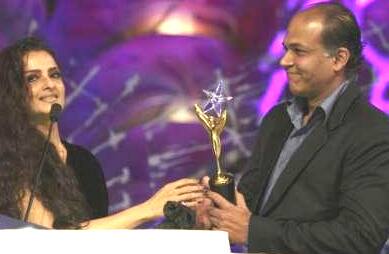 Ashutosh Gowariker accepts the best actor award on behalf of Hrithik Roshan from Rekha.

+++++

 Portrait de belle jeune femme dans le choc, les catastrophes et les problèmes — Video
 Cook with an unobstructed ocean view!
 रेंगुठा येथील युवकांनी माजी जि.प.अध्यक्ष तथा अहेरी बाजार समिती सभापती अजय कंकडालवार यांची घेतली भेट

+++++

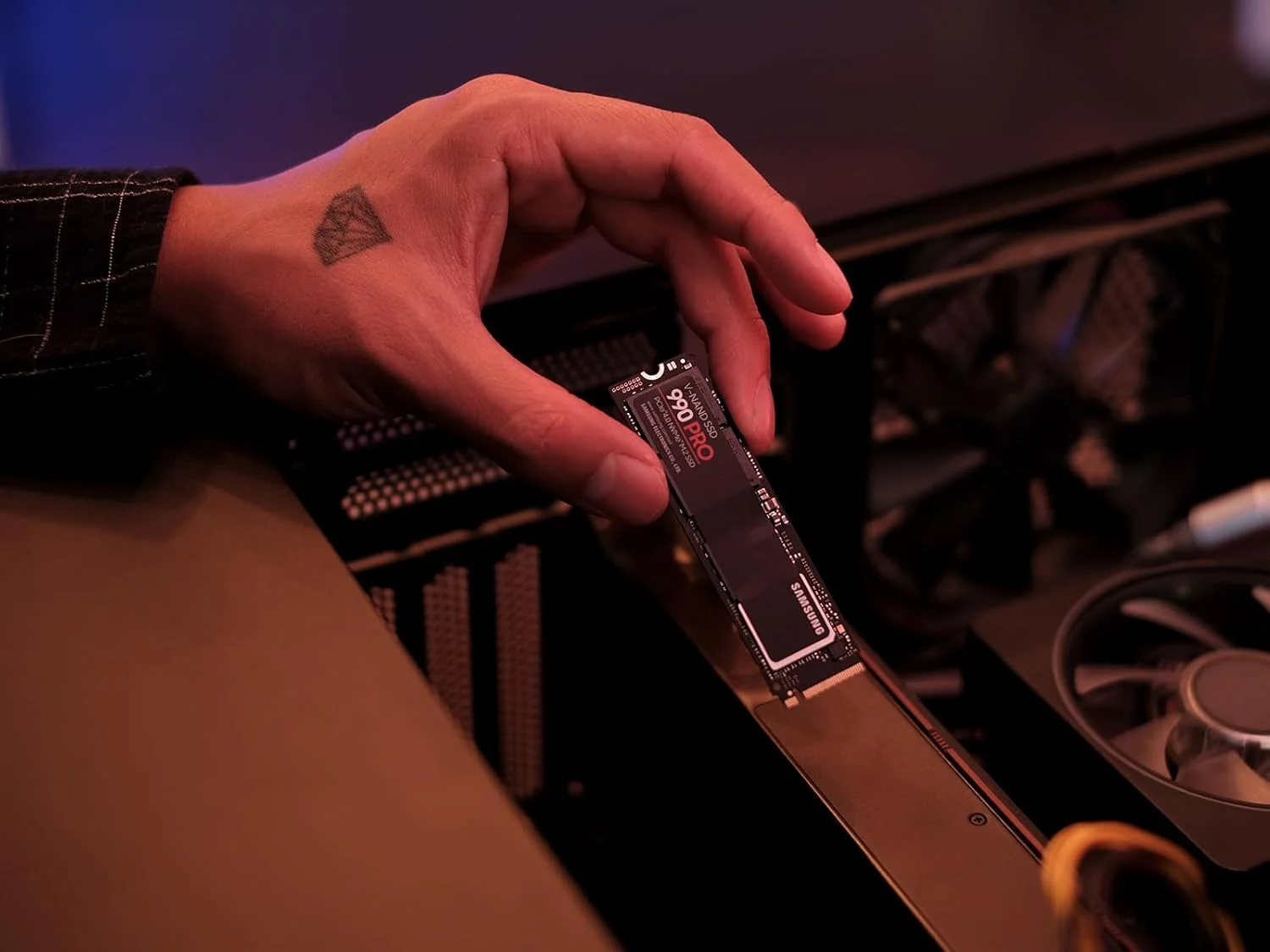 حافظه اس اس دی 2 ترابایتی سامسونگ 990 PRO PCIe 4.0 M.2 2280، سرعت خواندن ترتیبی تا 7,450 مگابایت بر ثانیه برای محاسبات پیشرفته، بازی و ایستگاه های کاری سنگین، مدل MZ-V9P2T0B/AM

+++++

### Instructions for the task:
Send back exactly the lines of the listing above starting at the one with "Portrait de belle" and ending at the one with "रेंगुठा येथील युवकांनी", inclusive, and no others.

### Result:
 Portrait de belle jeune femme dans le choc, les catastrophes et les problèmes — Video
 Cook with an unobstructed ocean view!
 रेंगुठा येथील युवकांनी माजी जि.प.अध्यक्ष तथा अहेरी बाजार समिती सभापती अजय कंकडालवार यांची घेतली भेट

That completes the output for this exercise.